Woke up early this morning and decided I’d go sit on the balcony swing. It’s the last day I’d be able to watch daybreak across the Dubai skies. It is my last full day in the city.

The sky is gently lighting up, pale lavender and peach-gold-pink near the horizon. The moon is suspended high above, first shrouded by hazy clouds, then gradually revealing itself. It is a quiet Saturday morning, and the perpetual sound of construction is conspicuously absent. I imagine it’ll kick up a little later in the day; Friday is the only day most workers are off in Dubai. There is always ambient noise, though. A gentle buzz is ever present, and it isn’t even 6:30am yet. It’s likely the sounds of lightly humming air conditioners, lazy traffic in the near distance, gusts of dust-laden wind.

The view from the balcony of my sister’s 18th floor apartment is nothing short of spectacular. Dubai Frame is visible to the left, a spare structure dotted with lights and glass windows glinting in the soft light of dawn. Burj Khalifa rises up through the distant mist, surrounded by tall buildings in shades of cream, slate gray, cold blue. Dubai Creek flows to the right, a slender thread of deep blue, hemmed in by dock buildings. The view is somewhat obscured by a new apartment building, currently under construction. Buildings come up quick in Dubai, its landscape constantly filling up with glass and steel towers — straight, curved, stylishly bent, helical and spiral, wrung out, and so on.

I require this time to process the fact of my impending departure. It’s almost time for me to leave, yet again.

After marriage, it feels like I have been on the move constantly. But that isn’t true, really.

I moved to the United States post-marriage, and now I periodically go visit my family in India. My sister moved to Dubai recently, and this is my first visit here. Mom and Dad are visiting too, and this is our first family reunion outside India. Regardless of the place we meet (India, Dubai, wherever), it feels like my time with Mom, Dad and Geetu is always severely limited.

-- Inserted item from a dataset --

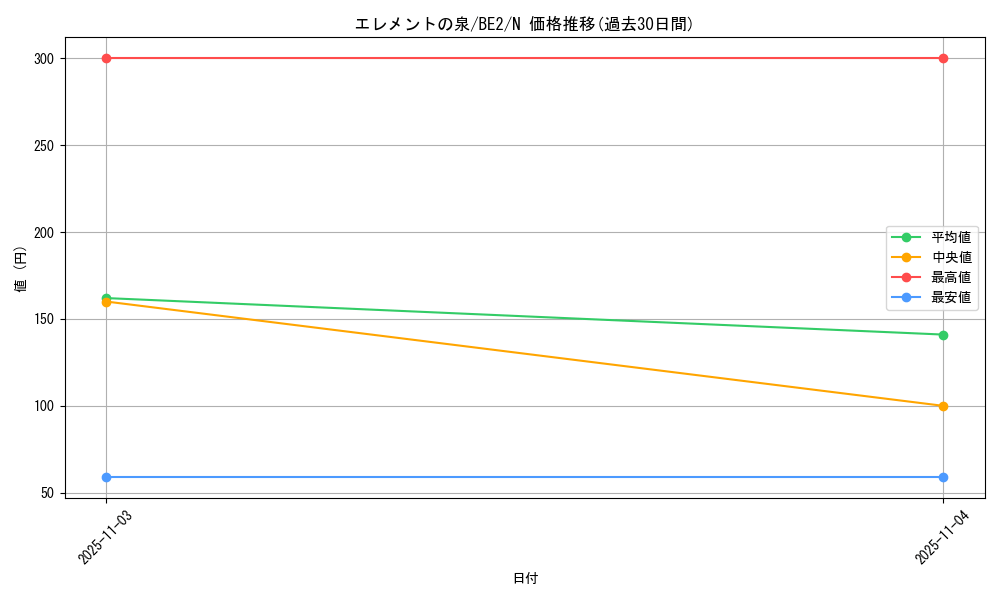 card_12370_series_30736_rarity_1_graph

A week feels insufficient, two weeks fly by real quick… and it’s hard not to feel like I am on a deadline. There is always an imaginary ticker ticking away, a giant calendar where the days go zipping by.

Every trip home to meet my family is much anticipated. Dates are set well in advance, and plans are made. We have to go here, eat this, do that, buy this, cook that… and so on. I land, get home, unpack… and the ticker starts. I am gradually easing out of jet lag, acclimating to the heat and humidity (it isn’t so bad), getting used to the spice (I am a sensitive eater)… and expanding myself into India in all possible ways. There is family to meet up with, saree blouses to get stitched or altered, jewelry to get repaired, and so on. And thus we get started. Days go by, one after another. There are trips to be made, local and elsewhere. And we keep soldiering along, at least I do.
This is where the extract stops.